Real-time multiple acoustic sources 3D direction finding

In many cases, there is usually more than one participant who is speaking during a multi-precipitant conference. To identify each direction of participant, we are exploring the sparseness of the time-frequency acoustic sources and the non-stationary characteristics of the acoustic sources. Based on the coherence test, the sparse time-frequency bins of the acoustic sources will be identified. Each direction of acoustic sources can be estimated from its corresponding sparse time-frequency bins. The challenges are to correctly find out the sparse time-frequency bins, to determine how the sparseness is good enough for accurate estimation, and to increase the resolution of direction that can be correctly distinguished under noise and reverberation conditions. Currently, most of the reliable results can only be obtained from very constrained conditions like low noise and short reverberation. However, in practice the noises from ambience are usually high and in an enclosed room the reverberation time due to reflections is also very long, which significantly degrades the performance of direction finding systems. We investigate the onset-based direction finding methods using the direct-path data of acoustic sources.

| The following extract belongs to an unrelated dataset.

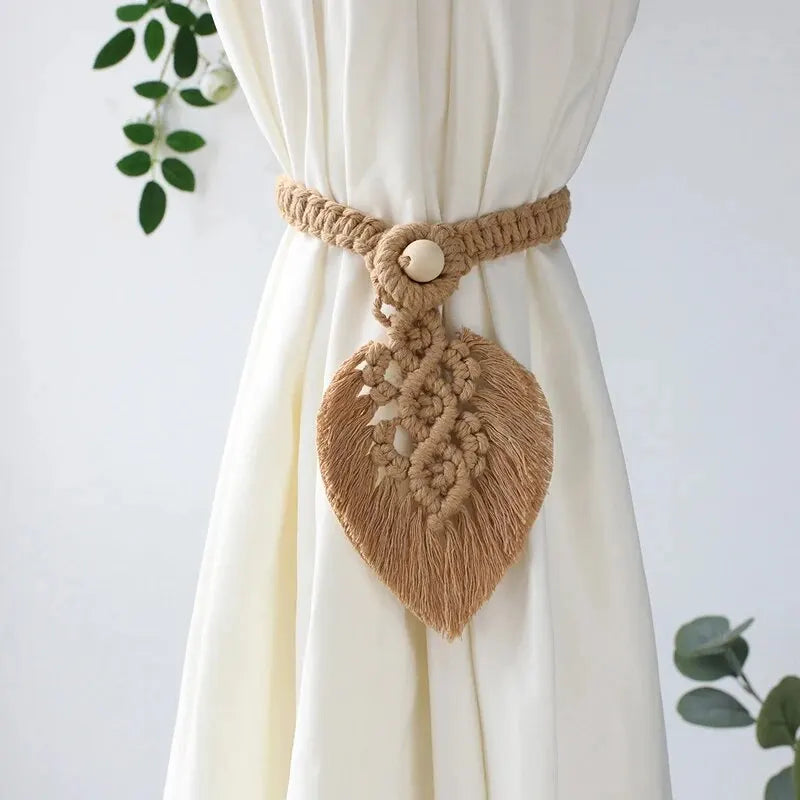 Embrasse rideau feuille en coton avec perles en bois.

Real-time directional voice acquisition

For effective communicate in a telepresence, a clean voice acquisition is very important especially with interference and noise around the environment. A typical one-microphone approach is usually lack of the capability for effectively reducing such environmental interference and noise. In the case of audio playback by loudspeakers, the echo problem due to the acoustic coupling between microphone and loudspeaker has to be concerned. To resolve the above problems, the microphone array has been widely adopted for enhancing the clean voice acquisition based on adaptive beamforming and post-filtering techniques. However, the existing microphone array approaches are usually based on a largely spaced array size, which has limitations on portable usage and low-cost devices. Our project explores the microphone array techniques for forming ‘directional beams’ to capture the target voices based on the miniature XYZO microphone array. We investigate the achievable performance of our approach under interference, background noise, echo, and reverberation conditions.

Real-time 3D audio capture and reproduction

In the telepresence, one of the most useful effects is to give listeners a good sound image localization of the remote participant. By incorporating spatial sound, we expect that the efficiency of meetings will be increased because of the improved speaker identification and speech intelligibility. The spatial sound could be realized by either reconstructing the entire sound field for a particular environment or reconstructing the desired sound field in the vicinity of each ear. Our research investigates the 3D audio capture and reproduction based on the XYZO microphone array. The playback system can be both a stereo headphone and a group of directional loudspeakers. The challenge is to improve the users’ spatial hearing perception and to solve the in-head sound problem and front-back confusion with limited measurements.


Our audio research group is currently working together with the video and FPGA/GPU groups for integrating and implementing a realistic real-time audio-video telepresence.